THE COLOR PURPLE, produced by Quincy Jones, Kathleen Kennedy, Frank Marshall, and Steven Spielberg (1985)
Starring: Whoopi Goldberg, Danny Glover, Adolph Caesar, Margaret Very, Oprah Winfrey, and Rae Dawn Chong.
Based on Alice Walker’s 1982 novel, The Color Purple was a movie phenomenon depicting the lives and problems of African-American women during the early twentieth century. The film vividly portrays problems of domestic violence, rape, incest, poverty, racism, sexism, and even pedophilia. Through the support of two women, Celie, the main character, begins to find her own voice and discover her own strength, and she is not the only one. The movie depicts the transitions that many characters in the story have made, moving toward healing and better ways of living that overcome their painful and difficult pasts. It also accurately displays the struggle and how difficult cycles of abuse are to overcome, especially if abuse and mistreatment is a part of the culture at large.

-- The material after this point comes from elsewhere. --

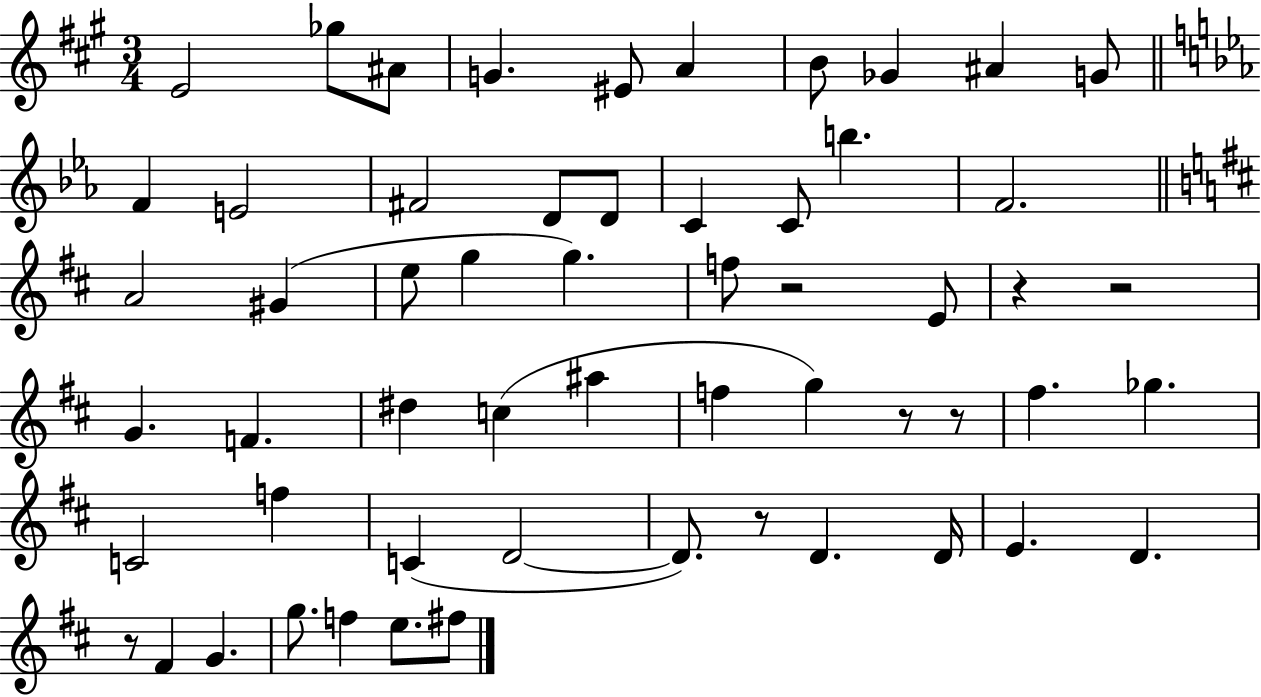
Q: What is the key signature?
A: A major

Note: The movie is rated PG-13 due to strong content, language, and sexual situations.
Sofia: All my life I had to fight. I had to fight my daddy. I had to fight my uncles. I had to fight my brothers. A girl child ain’t safe in a family of men, but I ain’t never thought I’d have to fight in my own house! I love Harpo, God knows I do. But I’ll kill him dead before I let him beat me.